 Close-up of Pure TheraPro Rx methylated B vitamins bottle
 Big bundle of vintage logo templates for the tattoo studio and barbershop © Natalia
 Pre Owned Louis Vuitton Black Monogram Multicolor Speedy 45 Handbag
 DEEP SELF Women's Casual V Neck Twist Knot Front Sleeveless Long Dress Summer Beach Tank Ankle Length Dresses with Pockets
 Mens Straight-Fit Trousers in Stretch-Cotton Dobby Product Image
==
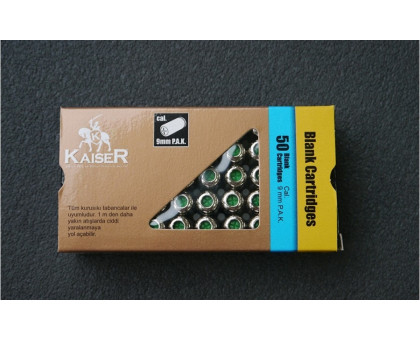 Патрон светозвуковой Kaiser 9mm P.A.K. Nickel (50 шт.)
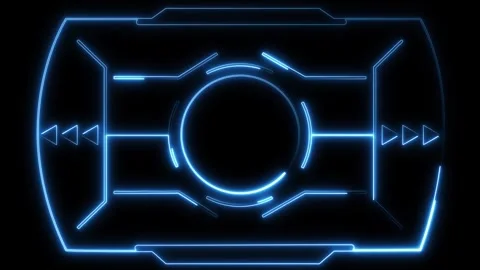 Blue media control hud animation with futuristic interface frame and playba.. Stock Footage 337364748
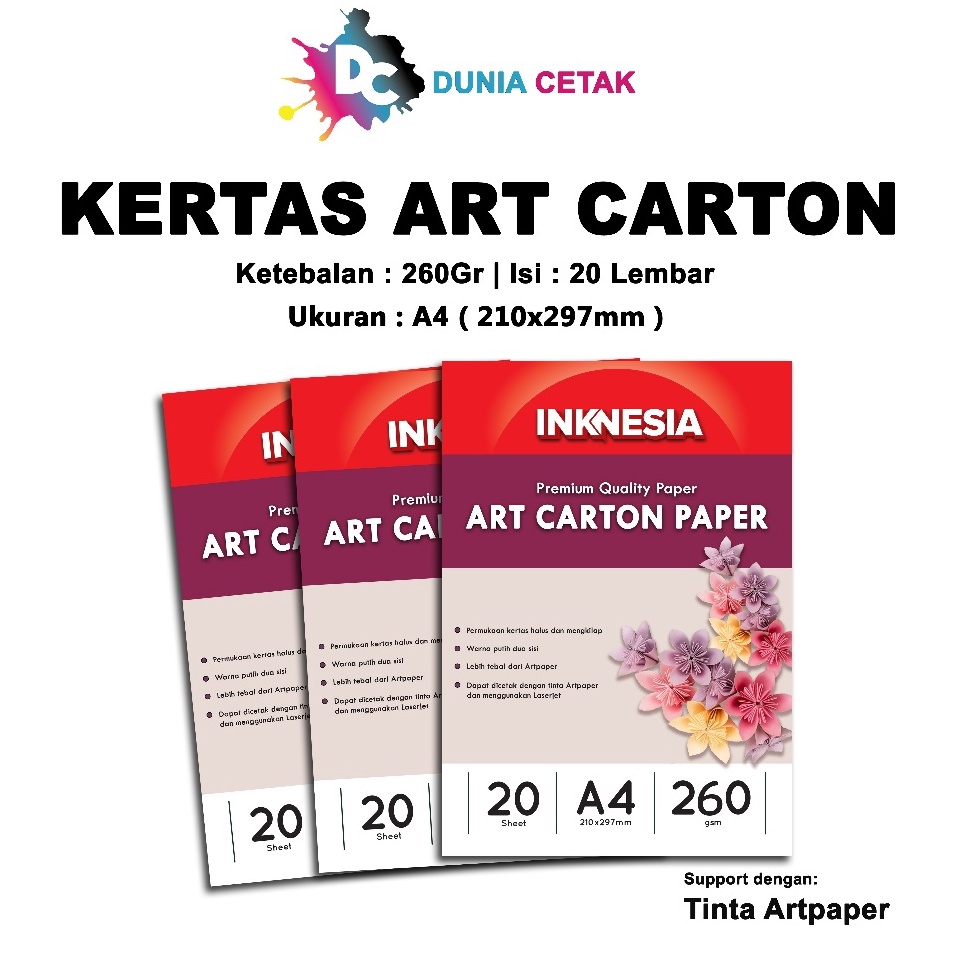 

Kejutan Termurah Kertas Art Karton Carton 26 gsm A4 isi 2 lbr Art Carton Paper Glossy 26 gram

**REQUIRED WORK**
The expected output is exactly the lines of the listing above between the line holding "Pre Owned Louis" and the line holding "Mens Straight-Fit Trousers", inclusive.

**TASK RESULT**
 Pre Owned Louis Vuitton Black Monogram Multicolor Speedy 45 Handbag
 DEEP SELF Women's Casual V Neck Twist Knot Front Sleeveless Long Dress Summer Beach Tank Ankle Length Dresses with Pockets
 Mens Straight-Fit Trousers in Stretch-Cotton Dobby Product Image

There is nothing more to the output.